Supplied material
───
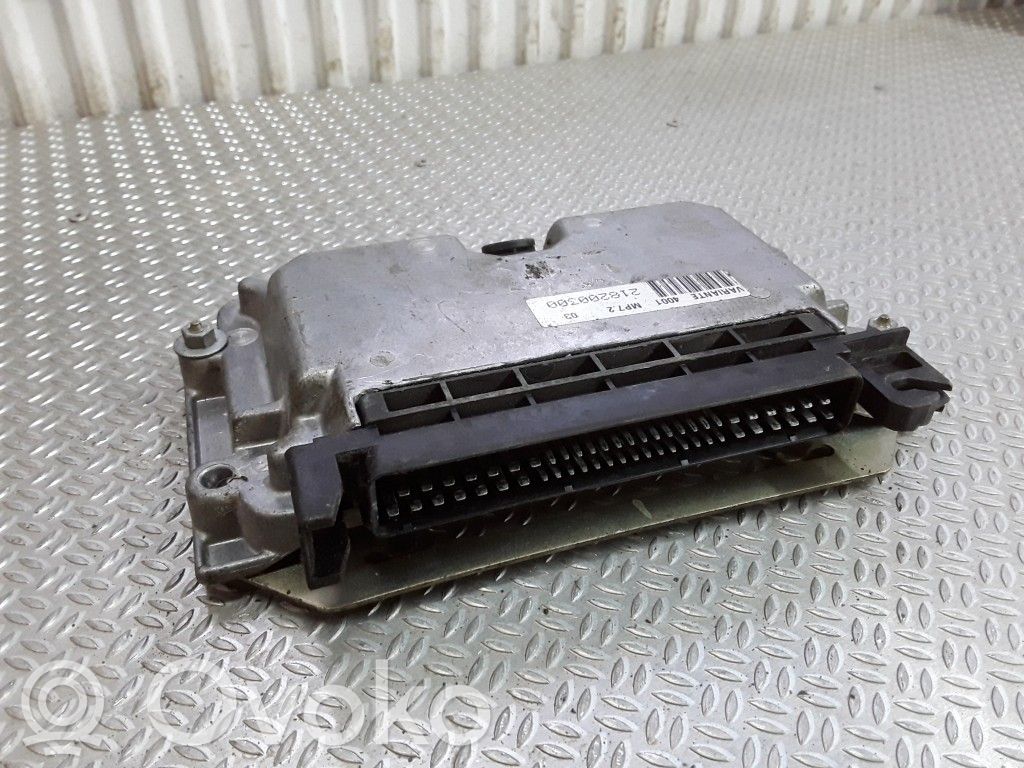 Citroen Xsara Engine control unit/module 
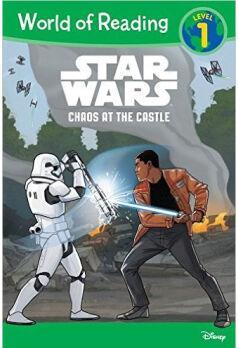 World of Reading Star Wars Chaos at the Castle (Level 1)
───
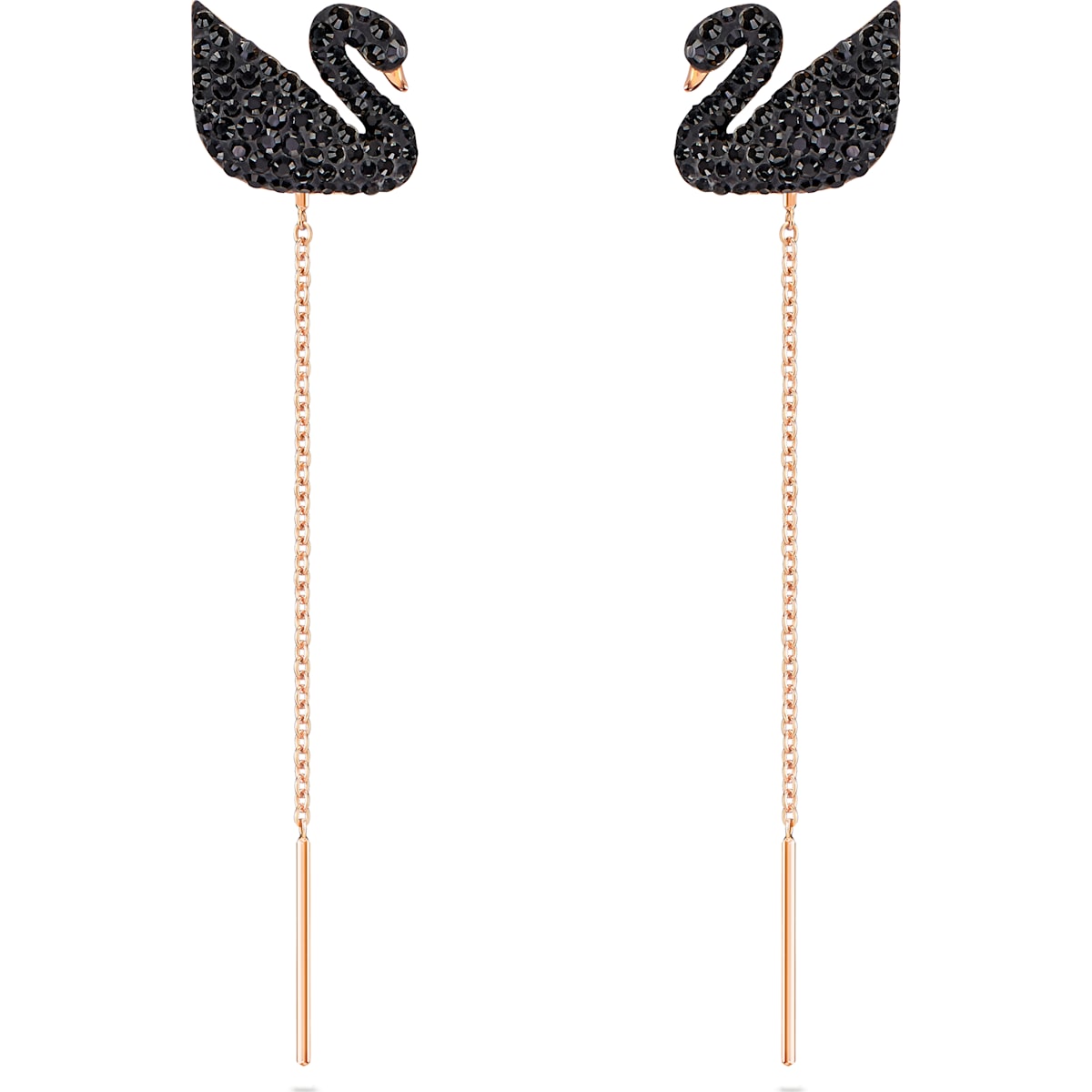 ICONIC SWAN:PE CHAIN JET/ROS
───
What you will do
Retype the lines above exactly as they appear, from the line containing "Citroen Xsara Engine control unit/module" through the line containing "World of Reading", and leave out any pictures.

Exercise response
 Citroen Xsara Engine control unit/module 
 World of Reading Star Wars Chaos at the Castle (Level 1)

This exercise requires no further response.